Rather than large, compound movements like squats and shoulder presses, barre relies on tiny, one-inch raises called isometric movements to produce big benefits, as they allow you to hold your posture and continuously engage the muscle for longer periods of time for a much different burn than what you're used to. So don't be alarmed if your body feels as shaky as JELL-O the next day, it's just your muscles telling you they’re feeling it.
"You'll definitely be sore [the next day]!" promises Channing. "Thighs, glutes, calves, triceps, abdominals – they'll all feel the burn. But the best thing to do is to go back to class again to work through it."
Work through the soreness on the daily and you can expect to see changes in your waist size as well as in the shape and tone of your butt, legs, and abs. You'll also develop stronger back muscles and a sculpted upper body. And if that wasn’t enough, the flexibility and stability work done will get rid of any tightness and pain in the lower back and hamstrings within the first 30 days.
Because of its wide-ranging benefits, many people stick to just barre as their primary method to get or stay in shape.
"It raises the heart rate high enough and for long enough to provide cardiovascular health," says Channing. "Depending on your fitness goals, you may want to add more and longer cardio workouts to burn more calories and increase weight loss."
And let's not forget the final key aspect of barre: The music. Channing says that the right music can stimulate that part of the brain that makes someone work harder and longer during the portions of class that are intense, as well as ease them into the portions that focus on stretching and meditation.

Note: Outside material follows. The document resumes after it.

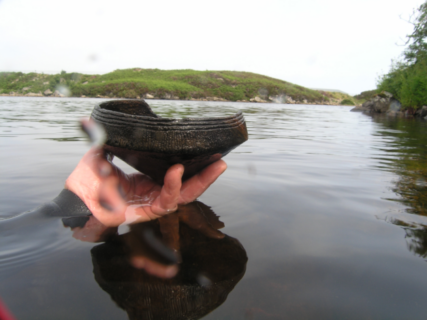 Das Foto zeigt den See Loch Arnish. Im Hintergrund sieht man das grüne Ufer. Eine Hand taucht aus dem Wasser hervor und hält eine Gefäß, eine Unstan Bowl, in die Kamera. Die Unstan Bowl ist rund und aus dunklem Material, das aussieht wie Stein. Es läuft unten spitz zu und hat oben einen mit drei Rillen verzierten Rand. Auf einer Seite ist das Gefäß beschädigt.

So now that you know all the buzz around barre, you should give it a shot. Feel the burn, stick with it, and your body will soon reflect all of your hard work.
WHAT TO LOOK FOR IN A BARRE STUDIO
New to barre? If so, Channing says that there are four key things first-timers (or anyone, really) should look for when deciding where to get their barre on.
1. The environment should be welcoming and clean. The equipment and barres should be safe and in good condition.
2. The instructor or staff should properly prepare you for class. They should introduce themselves and ask you about any injuries, conditions, or limitations you may have.
3. During class, the instructor should verbally and physically guide you with clear explanations and demonstrations. They should be focused on the participants, not on their own workout.
4. The most important thing is that you feel good, comfortable, and safe while you are there.